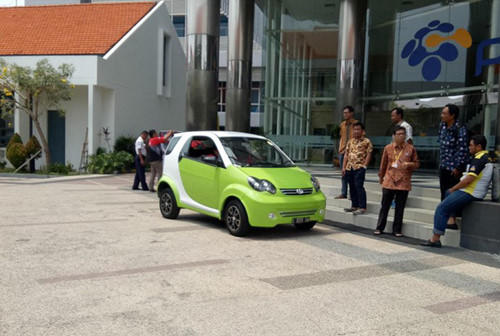 xe-o-to-dien-nho-xinh-nguoi-chay-thu-khen-het-loi--gia-chi-136-trieu-co-gi-hay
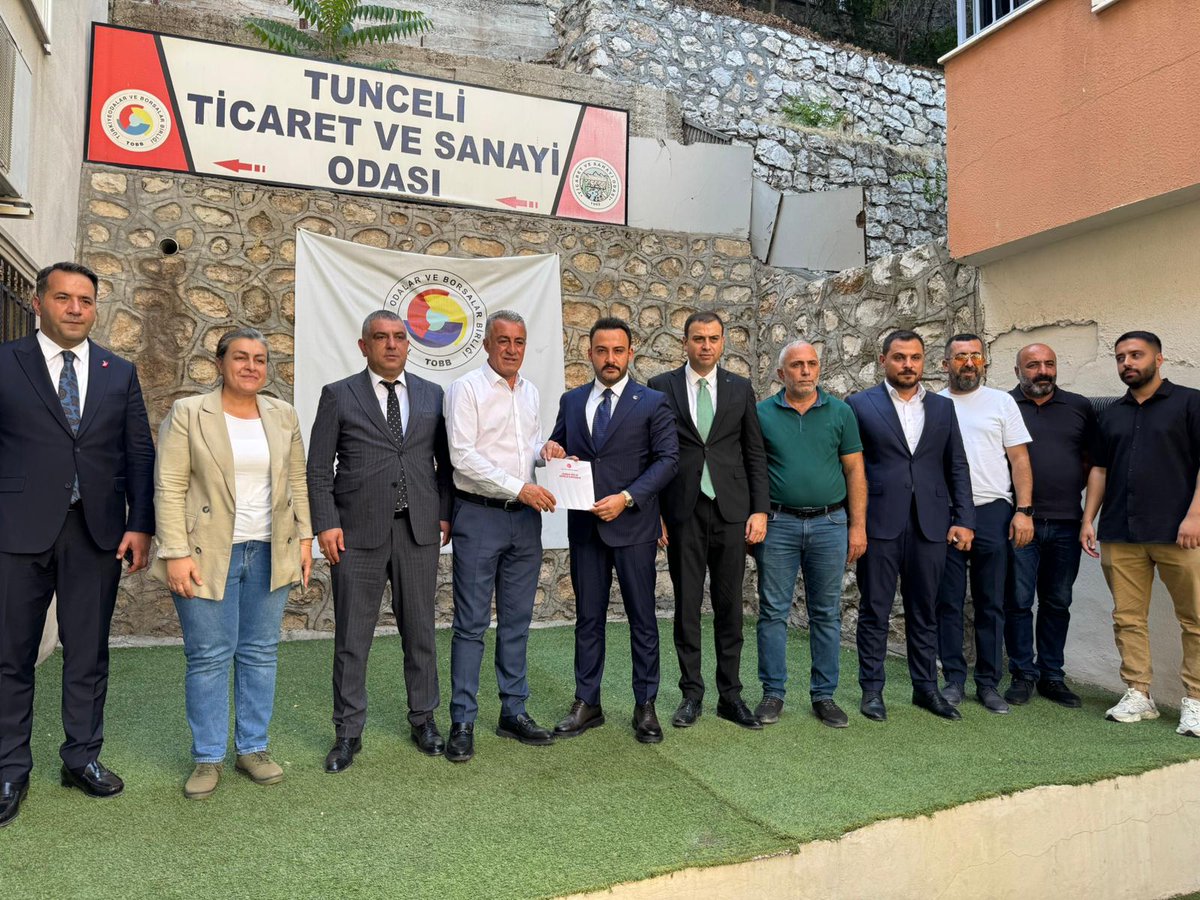 TUNCELİ TİCARET VE SANAYİ ODASI (@tuncelitso) on Twitter photo 📍Tunceli TSO
Milliyetçi Hareket Partisi MYK Üyeleri Özmen Alp Giray Erdemir, Timur Şerif Şaşmaz, Utkucan Yıldırım, Abdülhamit Kaya, Tunceli İl Başkanı Melike Gökalp, Elazığ İl Başkanı Yunus Bal; Yönetim Kurulu Başkanımız <a href="/hasanmurats/">Hasan Hüseyin COŞKUN</a>, Başkan Yardımcılarımız Sönmez Aydın ve Ali 📍Tunceli TSO
Milliyetçi Hareket Partisi MYK Üyeleri Özmen Alp Giray Erdemir, Timur Şerif Şaşmaz, Utkucan Yıldırım, Abdülhamit Kaya, Tunceli İl Başkanı Melike Gökalp, Elazığ İl Başkanı Yunus Bal; Yönetim Kurulu Başkanımız <a href="/hasanmurats/">Hasan Hüseyin COŞKUN</a>, Başkan Yardımcılarımız Sönmez Aydın ve Ali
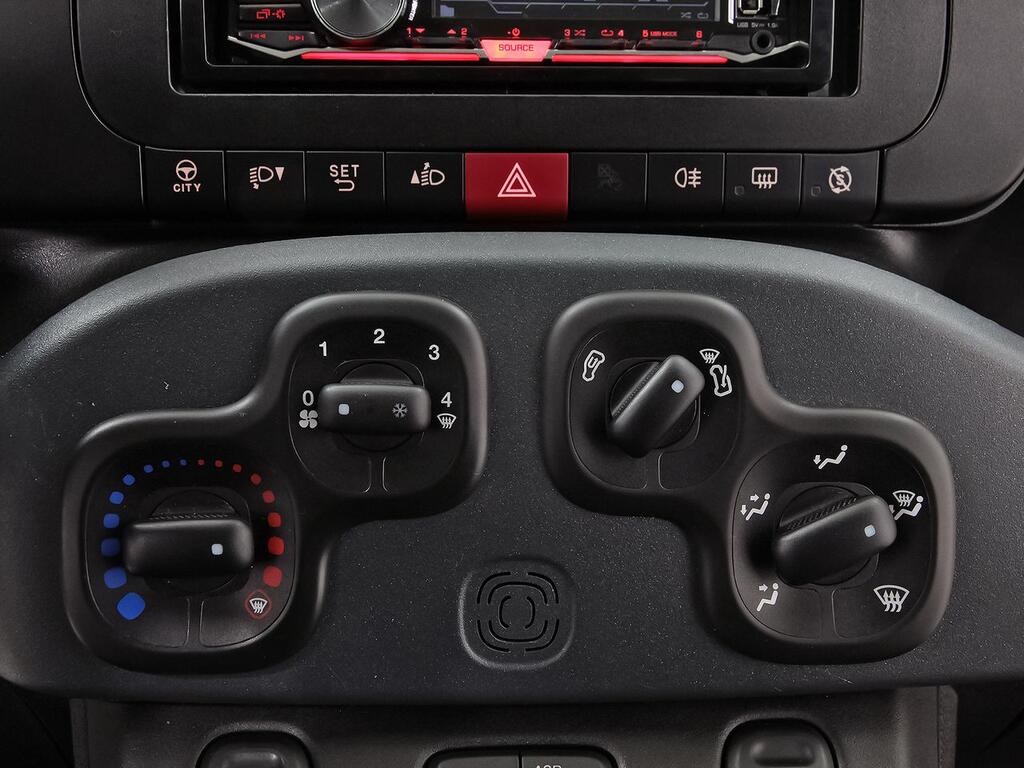 Fiat Panda Panda Hybrid 1.0 Gse 51kw (70CV) 19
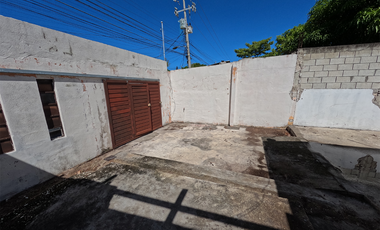 CASA EN VENTA EN CIUDAD DEL CARMEN 🏡✨ 📍Ubicada a unos metros de Periferica, a una cuadra de Panteon Colonia 📍Calle 55 x Periférica norte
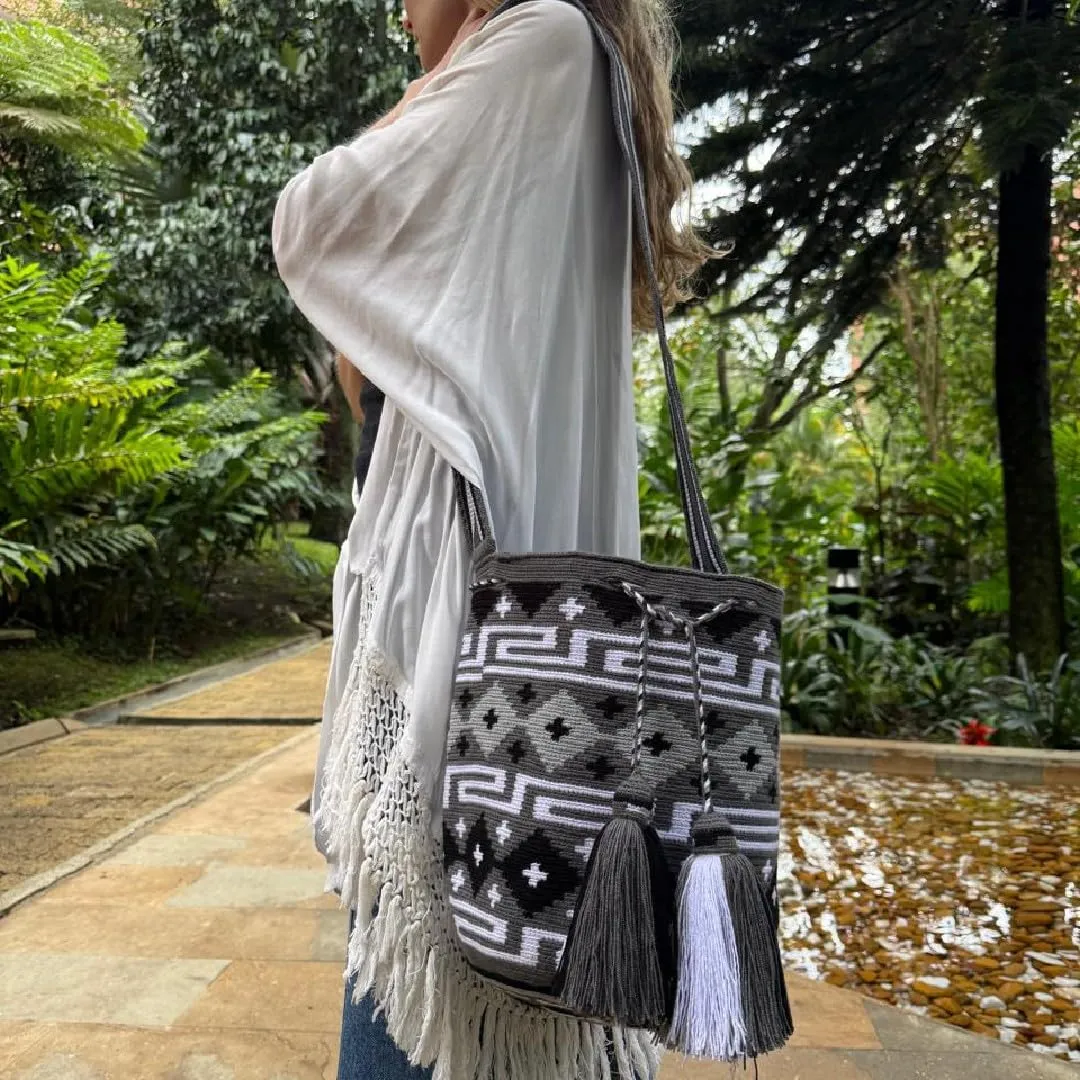 Handmade Large Wayuu bag, Colombian mochila wayuu. Ancient and precious piece of art made by indigenous, Black and white bag. Exclusive and unique design. Shoulder or crossbody crocheted bag. Gift ready!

§ BRIEF:
Wherever the word "Yönetim" appears in the listing, copy the line that holds it.

§ RESPONSE:
Milliyetçi Hareket Partisi MYK Üyeleri Özmen Alp Giray Erdemir, Timur Şerif Şaşmaz, Utkucan Yıldırım, Abdülhamit Kaya, Tunceli İl Başkanı Melike Gökalp, Elazığ İl Başkanı Yunus Bal; Yönetim Kurulu Başkanımız <a href="/hasanmurats/">Hasan Hüseyin COŞKUN</a>, Başkan Yardımcılarımız Sönmez Aydın ve Ali 📍Tunceli TSO
Milliyetçi Hareket Partisi MYK Üyeleri Özmen Alp Giray Erdemir, Timur Şerif Şaşmaz, Utkucan Yıldırım, Abdülhamit Kaya, Tunceli İl Başkanı Melike Gökalp, Elazığ İl Başkanı Yunus Bal; Yönetim Kurulu Başkanımız <a href="/hasanmurats/">Hasan Hüseyin COŞKUN</a>, Başkan Yardımcılarımız Sönmez Aydın ve Ali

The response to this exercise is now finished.